NEWS IN FOCUS: Democracy faces scrutiny - Attempts by charities to allow their members to have more of say could lead to major problems down the line, says Mathew Little


Democracy is both a source of attraction and fear for charities.

The goals of user representation and accountability, tempered by concerns about the potential domination of the charity by short-sighted beneficiary interest groups and even, in the famous case of the RSPCA, infiltration by factions essentially opposed to the aims of the charity.

The RNIB's recent governance changes and introduction of a mass-membership scheme illustrate these conflicting impulses.

New members are given the right to vote for 20 per cent of a 90 member consultative assembly, which will in turn elect 18 of a new slimmed down board of 24. Enough democracy to find out what its members want, but sufficient checks and balances to disregard those wishes if necessary. As the charity's head of governance James Rogers says members will have quite a big say but "not an exclusive one".

But Joe Saxton, head of not-for-profit services at the Future Foundation, regards such a halfway house to full user democracy as a "cop out". "Either trustees say we trust our members to elect the board or they don't,

he says.

Saxton, who was head of communciations at the RNID when the charity introduced a membership scheme in 1998 giving members the right to directly elect board members, believes in the principle of one person one vote. Charities, he argues, if they accept the democratic principle have to learn to take the rough with the smooth, to accept that trustees may be elected who they would not necessarily have chosen to appoint.

But democracy cannot be left solely to the people. It is a system that needs to be managed by the charity to make sure that the board contains "a balanced set of axes to grind".

"You need to make sure that the right people stand for election,

says Saxton. "Look for them and ask them, don't leave it all to chance. Otherwise you will get a board of people who spontaneously arise. It may not be the perfect system."

Members, Saxton asserts, should elect the majority of trustees but a minority also need to be co-opted to ensure there is an adequate set of professional and business skills on the board.

Such a system of managed democracy balanced by the infusion of necessary skills avoids the pitfalls of absolute user representation, which can lead to stasis within a charity and unwillingness to change or reform.

"User representation has been seen as the Holy Grail but having users on the board brings its own problems,

says Saxton. "If you have all users on the board, you will have a board that won't ever want to shut services because members have a personal interest in keeping them running."

Diabetes UK, which is governed by a board solely elected by its 185,000 membership, is planning to move to a system similar to the RNIB's where members are consulted but kept at arm's length from the seat of power.

Proposals due to be considered by the charity's board later this month include cutting the number of board members from 31 to just 12. Eight will be elected by a representative council, which itself is elected by the membership and meets once a year, and four will be co-opted for their skills.

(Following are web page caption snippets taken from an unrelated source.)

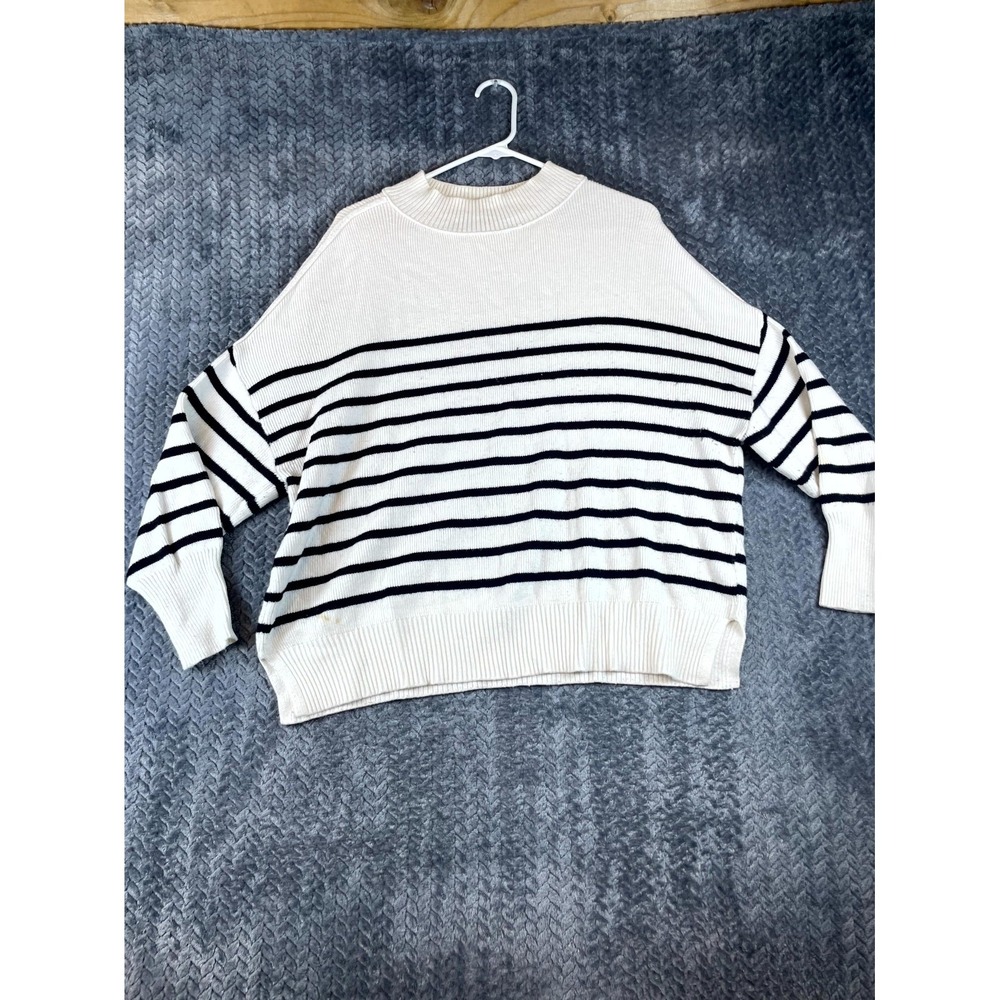 Zesica Sweater Womens Small White Black Viscose Horizontal Stripes Drop Shoulder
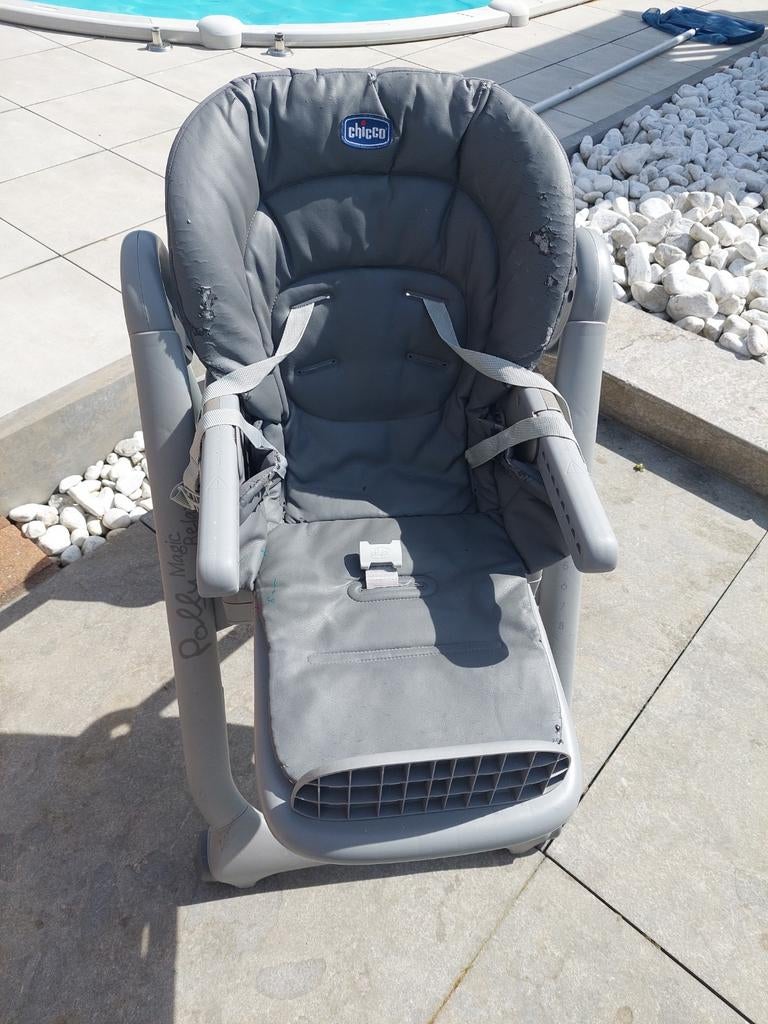 Chaise bébé en parfait état, Enfants & Bébés, Relax bébé, Enlèvement, Chicco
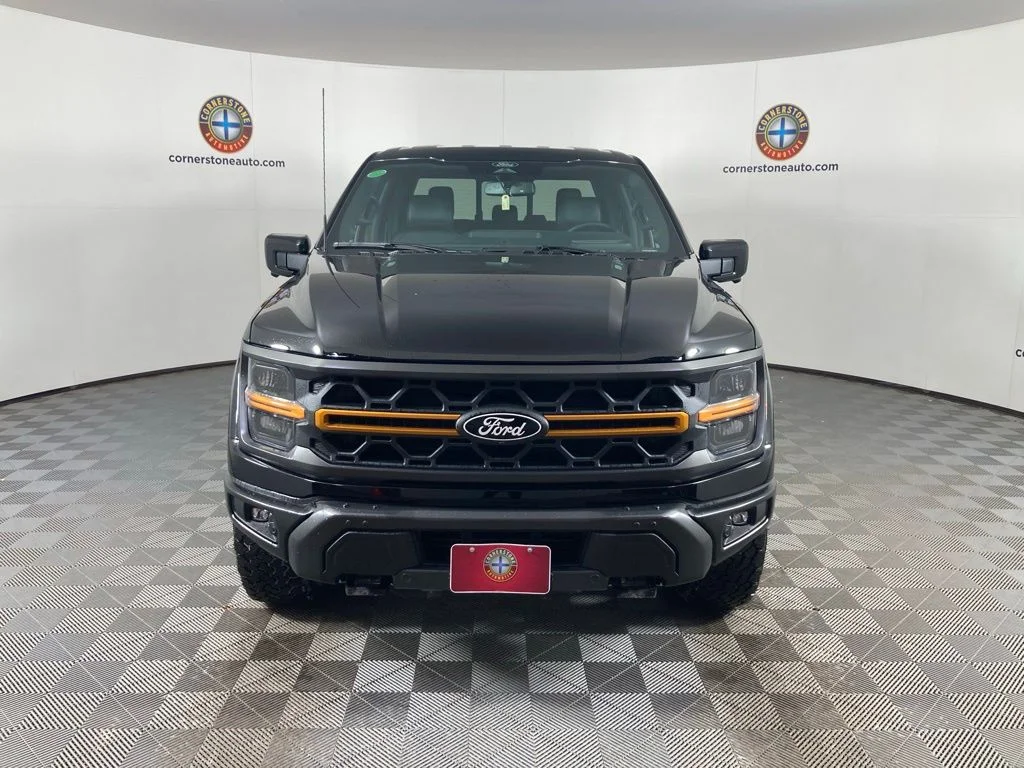 New 2025 Agate Black Metallic Ford Tremor® image 17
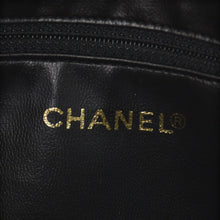 画像をギャラリービューアに読み込む, 極美品 CHANEL シャネル コスメポーチ キャビアスキン ブラック ココマーク 2番台 クラッチバッグ ゴールド金具 中古 4a002951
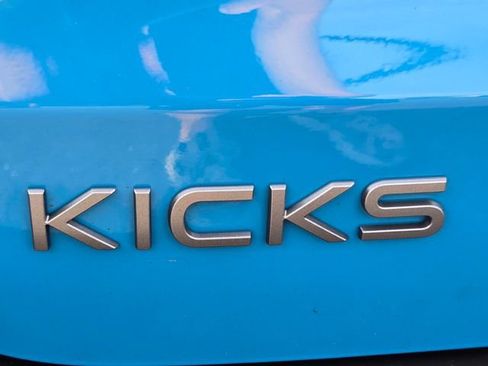 Used 2025 Nissan Kicks SR AWD/4WD image 18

But even the eight elected members will need to have relevant experience such as organisational management skills designated by a trustee sub-committee.

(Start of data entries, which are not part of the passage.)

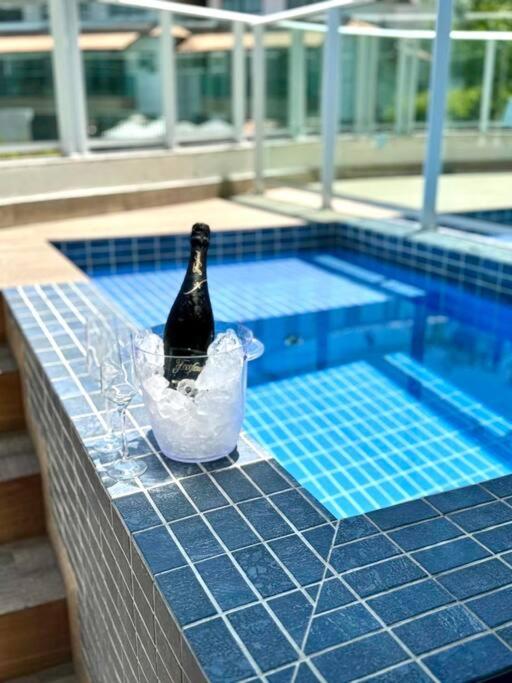 Flat com Piscina Privativa a 50m da Praia - Centro de Porto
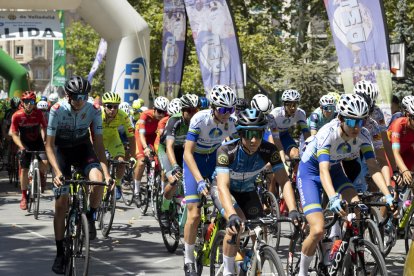 Salida neutralizada de la XXX Vuelta Ciclista júnior a Valladolid. PHOTOGENIC/ CARLOS LLORENTE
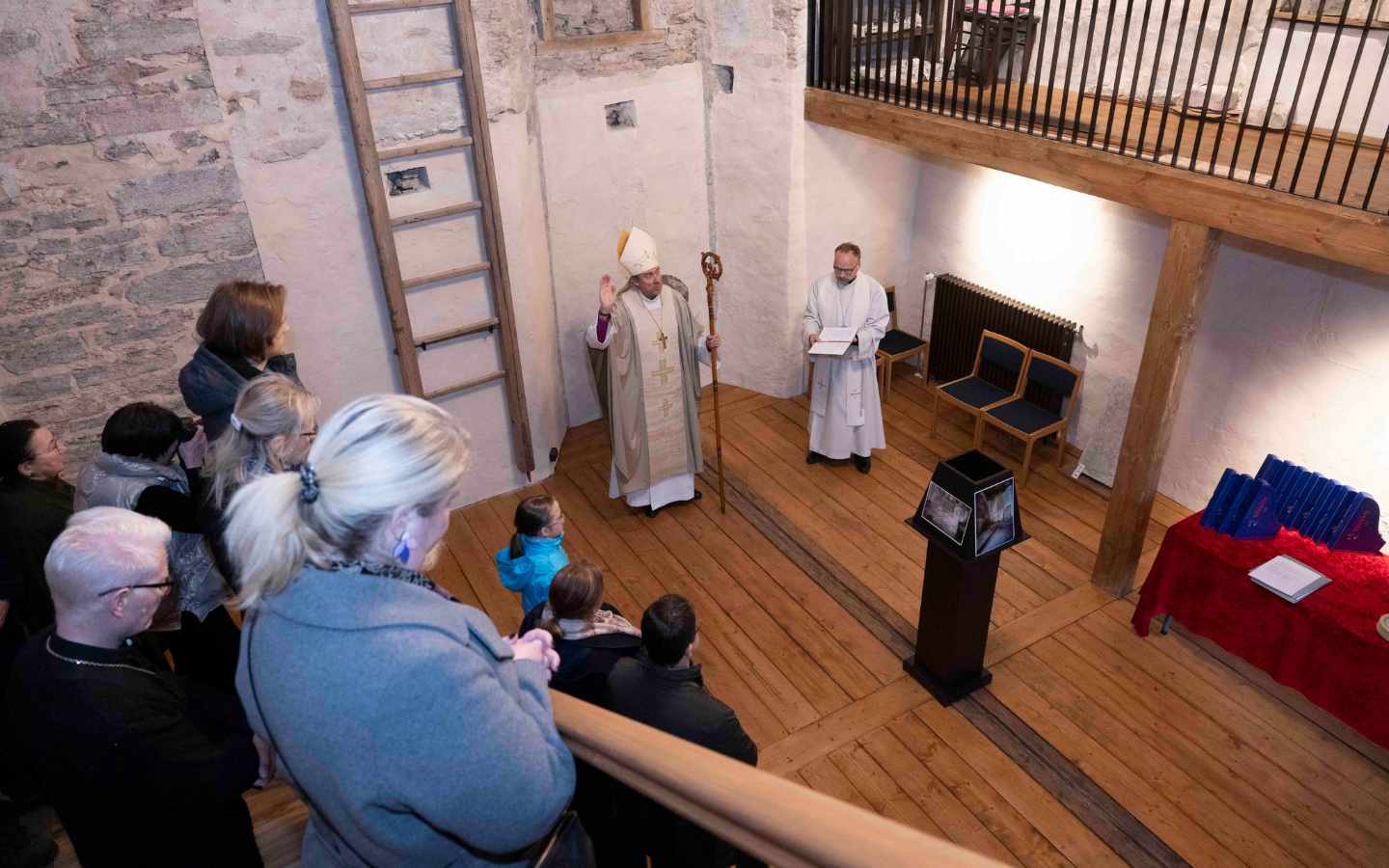 Peapiiskop õnnistas Tallinna Toomkirikus renoveeritud inglikabeli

Diabetes UK's chief executive Paul Streets explains that the directly elected board did not have the correct spread of professional expertise to oversee the management of the charity. "With a 31 member representative board it was completely in the lap of the gods whether you had the right skills,

he says. "The treasurer actually had to be co-opted because a qualified accountant wasn't elected."

Streets says a skills-based board will also be better equipped to hold the senior managers of the charity to account. "I hope the new board will give me a much harder time,

he says.

In deciding to set up a governance system which consults members rather than giving them full democratic powers over the policies of the charity, the RNIB took account of the experience of the RSPCA, says Rogers. The RSPCA had a members' democracy which was targeted by highly organised pro-hunting supporters in an attempt to shift its policy of opposition to bloodsports.

Members of the Countryside Animal Welfare Group (CAWG) joined the society, attended the annual general meeting en masse to defeat anti-hunt resolutions, and elected one pro-hunt member to the RSPCA's 25 member council.

Last June, the charity expelled former Olympic showjumper Richard Meade for running CAWG's campaign to infiltrate the society.

After winning a High Court battle to be able to question why applicants wanted to join the society, officials wrote to 600 CAWG members who had applied simultaneously. The majority did not reply resulting in 500 subsequently being refused membership.

The charity also introduced a rule that council members had to have been members of the society for five years and compelled those seeking election to declare their leisure activities involving animals in an attempt to weed out the pro-hunt lobby.

Membership applications are also monitored to pick up on organised entry tactics.

According to Saxton, attempts to protect charities from hostile influences can seal off the organisation from more positive dissident tendencies.

"The danger is that if you are looking to exclude a particular group, you inadvertently capture other people and throw out the baby with the bathwater,

he says.

He suggested that a better solution to infiltration is a membership drive to dilute the influence of the hostile group.